CJUE Costerà : Droit à l'oubli numérique et sanctions pénales en 2026

L’arrêt CJUE Costerà (affaire C-789/24) a redéfini les contours du droit à l’oubli numérique en Europe, et ses répercussions pénales se font déjà sentir en France. En 2026, les victimes de cyberharcèlement et de diffusion non consentie de données personnelles disposent d’une arme juridique renforcée : la CJUE Costerà impose aux moteurs de recherche et aux plateformes un devoir accru de déréférencement, sous peine de sanctions pénales directes pour les responsables qui entravent ce droit. Cet article, rédigé par un avocat expert en droit numérique, vous explique le mécanisme, les infractions connexes et la stratégie de défense pénale.

En 2026, le droit à l’oubli numérique n’est plus une simple option de la vie privée : c’est une obligation exécutoire, dont le non-respect expose à des poursuites correctionnelles. L’arrêt Costerà a clarifié que le refus de supprimer des contenus illicites après notification peut constituer un délit de non‑empêchement de cyberharcèlement (article 222-33-2-2 du Code pénal). Nous décryptons les sanctions encourues, la jurisprudence récente et les recours possibles.

Que vous soyez victime ou professionnel du droit, ce guide complet vous présente le cadre normatif, les décisions de la CJUE, et les mesures pénales applicables en France en 2026. Le cabinet CyberHarcèlementAvocat.fr vous accompagne dans ces procédures complexes.

🔑 Points clés couverts :
  • Arrêt CJUE Costerà (2026) : nouveau standard pour le droit à l’oubli numérique
  • Sanctions pénales en cas de refus de déréférencement (amende, emprisonnement)
  • Articulation avec la loi française : cyberharcèlement, non‑empêchement, divulgation de données
  • Obligations des moteurs de recherche et des hébergeurs
  • Procédure de notification et preuves numériques
  • Rôle de l’avocat spécialisé et contentieux 2026

1. CJUE Costerà : le nouveau pilier du droit à l’oubli numérique

Le 12 janvier 2026, la Cour de justice de l’Union européenne a rendu l’arrêt Costerà c. Google LLC (C‑789/24). Cette décision étend le droit à l’oubli numérique au‑delà du simple référencement : toute donnée personnelle obsolète, inexacte ou préjudiciable doit être déréférencée sans délai si la demande est fondée. La CJUE précise que le « préjudice numérique grave » prime désormais sur l’intérêt économique du moteur de recherche.

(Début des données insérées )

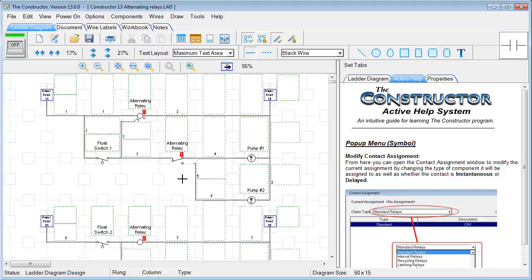This video will walk you through the new features added to Constructor 13. The first thing you'll notice is our redesigned interface. All the fonts are now larger and easier to read. The icons also have been increased in size for better visibility.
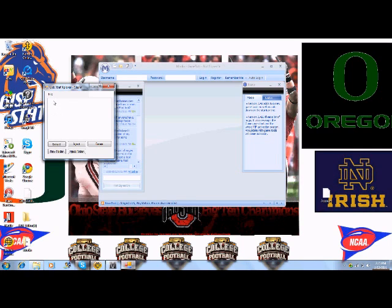Once that pops up, you're going to click the first one. It's like E0. Click it, grab it, and put it on the desktop.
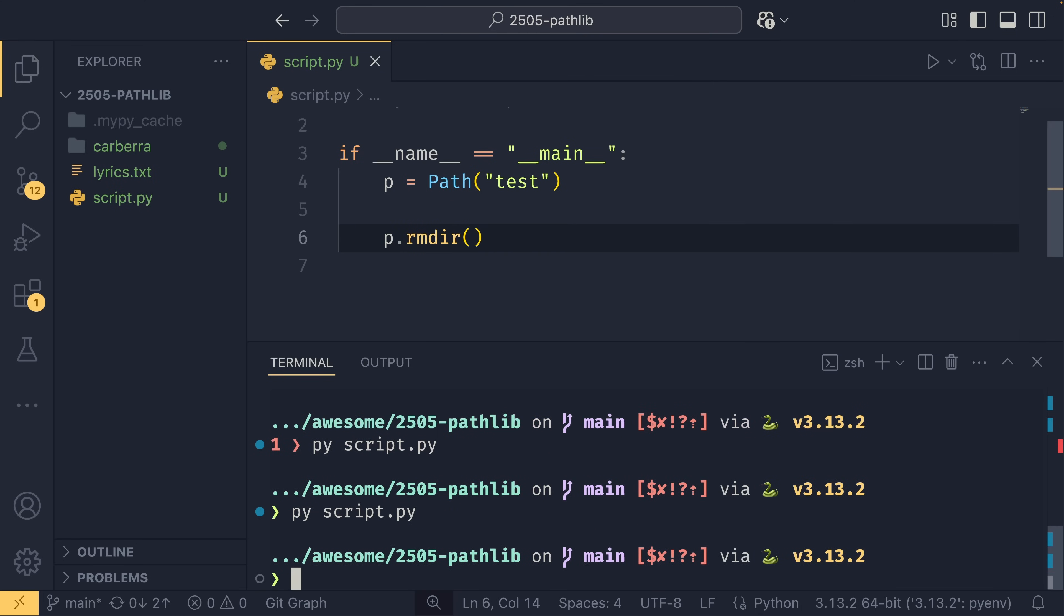The only limitation to that is that the directory has to be empty at the time that you delete it, so you'll either need to go through and unlink or remove all the files within it beforehand, or you can just use shutil to do that instead.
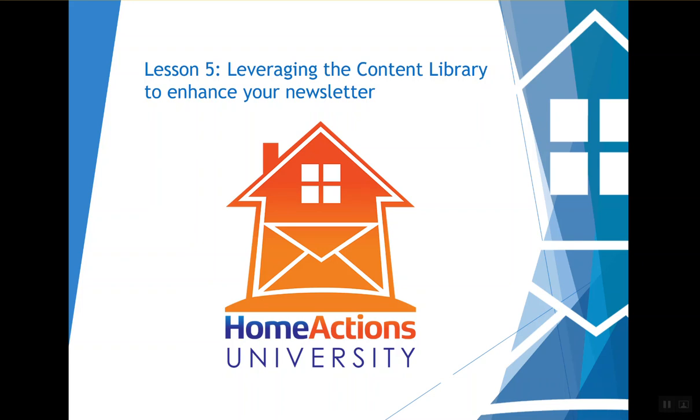Welcome to Home Actions University. This is lesson five, leveraging the content library to enhance your newsletter. My name is Paul Weil and I'm going to show you how to leverage the content library to enhance the experience for your customers and prospects.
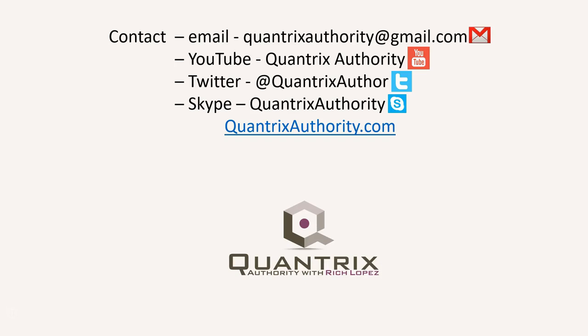Today's podcast is brought to you by quantrixauthority.com. I love Quantrix and I want to make you a Quantrix master.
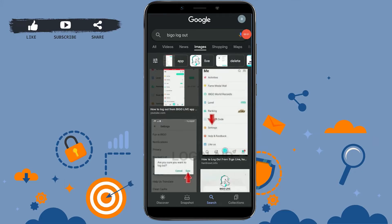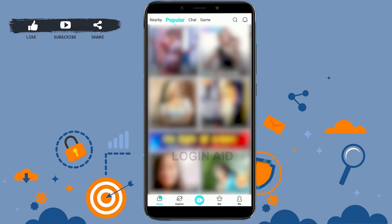Hello everyone, welcome back to the Login channel. Today in this video I will be showing you how you can log out from your Vigo account. First, open the application. Once you're at the Vigo app, you need to go to the profile.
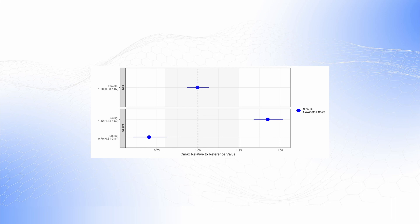In this example, the reference is a male subject with a body weight of 85 kg. The dashed vertical line represents the reference ratio of 1. This forest plot shows clearly that the extreme body weight values of 128 and 56 kg have an important effect on Cmax, while sex does not.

Costerà : « Le droit à l’oubli n’est pas limité à la vie privée stricte ; il couvre toute donnée qui expose la personne à un risque de stigmatisation ou de harcèlement en ligne. »
Si vous êtes victime d’un contenu qui vous nuit, même ancien, la CJUE Costerà vous offre un droit au déréférencement quasi automatique. Saisissez un avocat pour une mise en demeure formelle.

L’affaire concernait un résident italien dont les anciennes dettes publiques apparaissaient encore dans les résultats de recherche. La Cour a jugé que la simple existence légale de l’information ne justifie pas sa maintien en ligne lorsqu’elle alimente une campagne de cyberharcèlement. Ce principe est désormais invocable dans toute l’UE.

2. Sanctions pénales pour non‑respect du droit à l’oubli

En France, le refus délibéré de supprimer ou déréférencer un contenu après une décision de justice (ou une notification conforme) peut relever de plusieurs infractions pénales. Depuis 2025, l’article 226-22-1 du Code pénal réprime la non‑exécution d’une ordonnance de déréférencement : jusqu’à 2 ans d’emprisonnement et 75 000 € d’amende.

Infractions connexes :

  • Non‑empêchement de cyberharcèlement (art. 222-33-2-2 al. 3) : lorsque le gestionnaire de la plateforme ne retire pas un contenu signalé comme harcelant, il devient complice. Peine : 3 ans et 45 000 €.
  • Divulgation de données personnelles (art. 226-22) : maintenir accessible une information après injonction est une violation de la vie privée aggravée.
  • Entrave au droit à l’oubli (nouvel art. 226-22-3, Loi n°2025-123) : délit spécifique puni de 1 an d’emprisonnement et 30 000 € d’amende pour les responsables de traitement.
Un éditeur de site qui refuse de supprimer un article diffamatoire après une décision CJUE Costerà peut être poursuivi pénalement. La tolérance zéro est de mise en 2026.

3. Cyberharcèlement et droit à l’oubli : le lien renforcé

L’arrêt Costerà s’inscrit dans une logique de protection contre le cyberharcèlement. La Cour a souligné que le maintien en ligne de données personnelles (photos, adresses, anciennes condamnations) peut constituer un acte de harcèlement par diffusion continue. En 2026, toute demande de déréférencement fondée sur un risque de harcèlement doit être traitée en priorité.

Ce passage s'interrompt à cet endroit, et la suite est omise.